Ich weiss noch genau, in welcher Sekunde die Schule für mich gestorben ist. Es war der Augenblick, als ich in der dritten Klasse mein Diktat in Deutsch zurückbekam. Eine Woche zuvor hatte es die Lehrerin gross angekündigt. Und ich hatte gebüffelt, was das Zeug hält. Die zehn Minuten, die der Test dauerte, gab ich mein Bestes – und konnte kaum das Ergebnis abwarten. Am nächsten Tag bekomme ich mein Blatt zurück. In roter Schrift steht darauf:

„5 Fehler“

Das war’s. Kein Wort des Lobes. Nur das, was ich falsch gemacht hatte, zählte.
Ich war fassungslos. Fünf Fehler bei hundert Worten? Das sind doch 95 Richtige! Zerknirscht, enttäuscht und völlig demotiviert ging ich an diesem Tag nach Hause – und machte nie die wieder den Fehler, mich in Deutsch anzustrengen.
Wenn jemand die Motivation eines Menschen zerstören möchte, dann ist die Fokussierung auf das Negative der schnellste, effizienteste und effektivste Weg dahin. Diese Kunst beherrschen aber nicht nur die Lehrer, die vor 40 Jahren unterrichtet haben.

Diese Haltung ist auch heute weit verbreitet. In der Politik, in öffentlichen Debatten, in der Beziehung zu Kunden oder Mitarbeitern: Statt das Positive anzuerkennen, schlagen sich viele lieber auf die Seite der Kritiker.
Sie suchen die Stellen, an denen es hakt, und legen den Finger in die Wunde. Mit kritisch-analytischem Geist zerren sie die Schwächen jeder Entscheidung, jedes Systems, jedes Handelns ans Licht. In bester Absicht zeigen sie auf Schwächen, Fehler, Versäumnisse. Und merken dabei gar nicht, was sie alles kaputtmachen!
Die Motivation der Menschen. Und deren Selbstvertrauen.

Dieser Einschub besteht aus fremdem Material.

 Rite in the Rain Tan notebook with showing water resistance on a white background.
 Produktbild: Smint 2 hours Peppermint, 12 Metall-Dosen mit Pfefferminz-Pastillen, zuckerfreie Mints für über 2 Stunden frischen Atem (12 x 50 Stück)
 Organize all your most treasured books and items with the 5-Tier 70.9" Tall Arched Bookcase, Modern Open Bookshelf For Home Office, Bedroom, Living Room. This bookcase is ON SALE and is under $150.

Was passiert in den USA, wenn ein Unternehmer pleite geht? Man klopft ihm auf die Schulter und sagt: „Toll, dass du es versucht hast!“ Und der nächste Investor streckt ihm die Hand aus. Jetzt, wo du weisst, was die Fallstricke sind, kann es beim nächsten Mal nur besser werden. In Europa läuft jemand, der Insolvenz anmeldet, für den Rest des Lebens mit dem Loser-Schild herum.

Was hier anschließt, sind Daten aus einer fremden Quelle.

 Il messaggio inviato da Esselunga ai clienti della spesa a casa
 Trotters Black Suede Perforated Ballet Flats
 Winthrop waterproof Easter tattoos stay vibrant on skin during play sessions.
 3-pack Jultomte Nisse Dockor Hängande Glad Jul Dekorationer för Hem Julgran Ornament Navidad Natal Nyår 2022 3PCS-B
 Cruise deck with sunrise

Wussten Sie eigentlich, dass das Internet in der Schweiz erfunden wurde? Ohne Witz! Aber marktreif haben es natürlich die Amerikaner gemacht. Wer nur das sieht, was schlecht ist, im Weg steht oder nicht geht – der kommt zum Ergebnis, dass etwas schlecht ist, im Weg steht oder nicht geht. Wer aber überlegt, was denn schon alles gut ist und funktioniert – der macht etwas Gutes, das dann auch funktioniert.

Zu welcher Gruppe Sie gehören möchten, das entscheiden Sie. Ich habe mich entschieden. Aus meiner Sicht habe ich 95 Wörter richtig geschrieben!